In description there is:
"faulty" also returned a match for "fault", "saving" matched "saved" or "save"
from plugin settings:
- Thinking Sphinx - firsly search words 1:1 after then substract last character and search again ('Running' will be looking for 'Runner' 'Running' etc.). Substract to min word length which is definded below
So in Your case for word "tester" it should find everything with word "test" (substacted 2 letters)
Of course ideal is with all forms like in example - Running should find Runner and Running.
Right now and for Your example it's loking for test and I have same thing - above You can find: "FROM issue_core
WHERE MATCH('testowej') "
that is equiwalent of sql "where x like "%test%". Sure it will find "testowy" and even "wytestuj", but that's not very useful. Fulltext search should tokenize words, change them to basic forms, remove stopwords and try to match with query (with same rules).
Try "tester" - it should find # 101497 and of course # 101512 I expect that this word should search for "tester" + "teste" + "test" + "tes", should assign weights etc. That should give much more results.

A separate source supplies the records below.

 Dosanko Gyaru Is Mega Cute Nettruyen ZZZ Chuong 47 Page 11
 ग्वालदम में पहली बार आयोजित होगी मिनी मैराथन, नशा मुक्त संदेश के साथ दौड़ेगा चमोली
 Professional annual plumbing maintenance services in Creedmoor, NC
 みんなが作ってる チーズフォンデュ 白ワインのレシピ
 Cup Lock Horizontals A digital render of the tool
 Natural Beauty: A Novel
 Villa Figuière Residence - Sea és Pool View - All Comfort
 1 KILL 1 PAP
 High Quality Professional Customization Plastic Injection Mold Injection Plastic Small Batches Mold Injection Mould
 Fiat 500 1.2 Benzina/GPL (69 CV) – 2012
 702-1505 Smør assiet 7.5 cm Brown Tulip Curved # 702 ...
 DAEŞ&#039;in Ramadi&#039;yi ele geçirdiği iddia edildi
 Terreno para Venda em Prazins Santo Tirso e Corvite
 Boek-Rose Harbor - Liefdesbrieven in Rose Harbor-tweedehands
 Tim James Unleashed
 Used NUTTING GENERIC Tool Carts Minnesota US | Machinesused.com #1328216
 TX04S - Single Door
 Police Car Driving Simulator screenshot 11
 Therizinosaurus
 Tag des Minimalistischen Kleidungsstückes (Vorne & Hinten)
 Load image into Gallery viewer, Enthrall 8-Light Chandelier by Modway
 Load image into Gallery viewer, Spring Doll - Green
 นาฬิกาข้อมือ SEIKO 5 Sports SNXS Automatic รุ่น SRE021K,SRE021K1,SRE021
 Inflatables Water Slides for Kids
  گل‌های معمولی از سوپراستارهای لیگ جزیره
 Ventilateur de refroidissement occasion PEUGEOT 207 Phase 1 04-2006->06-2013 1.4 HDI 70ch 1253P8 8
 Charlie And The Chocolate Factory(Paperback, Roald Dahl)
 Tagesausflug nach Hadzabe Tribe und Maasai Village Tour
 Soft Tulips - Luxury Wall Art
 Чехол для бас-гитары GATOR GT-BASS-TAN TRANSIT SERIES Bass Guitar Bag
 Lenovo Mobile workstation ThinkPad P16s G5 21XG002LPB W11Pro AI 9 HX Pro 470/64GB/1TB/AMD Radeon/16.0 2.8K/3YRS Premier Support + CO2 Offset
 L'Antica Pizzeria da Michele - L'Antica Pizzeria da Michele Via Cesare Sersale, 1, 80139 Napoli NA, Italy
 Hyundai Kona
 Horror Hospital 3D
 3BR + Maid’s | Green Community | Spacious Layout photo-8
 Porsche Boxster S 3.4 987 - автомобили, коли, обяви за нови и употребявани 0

It seems that sphinxsearch does not tokenize words by default. To make it work install it with libstemmer library.
links: https://pat.github.io/thinking-sphinx/advanced_config.html http://sphinxsearch.com/docs/current.html#conf-morphology http://snowball.tartarus.org/download.php
I just changed my config and now it's working. I think that should be placed in readme to be clear :) I needed to add config/thinking_sphinx.yml file with content:
production: morphology: stem_en mem_limit: 128M wordforms: "/var/data/redmine/config/sphinx/wordforms.txt" stopwords: "/var/data/redmine/config/sphinx/stopwords.txt"
This added morphology and steammer for my generated files, Also I added wordforms and stopwords to my config, that's easy to get for any language from google.
Now it's working great! :) Thank You for help, I wasn't sure if I need anything more to my configuration.
@dominch Hello, I am highly interested in what you found. Could you please describe a little more how you achieved that ?
- Did you find your wordforms/stopwords or did you generate them (and how) ?
- when you write
config/thinking_sphinx.yml
you meansredmine_root_path/config/thinking_sphinx.yml
? - did you do anything else than just put the
thinking_sphinx.yml
file ?
I would like to use a different language than english/russian and after reading documentation, it appears I have to make more steps to achieve the morphology search.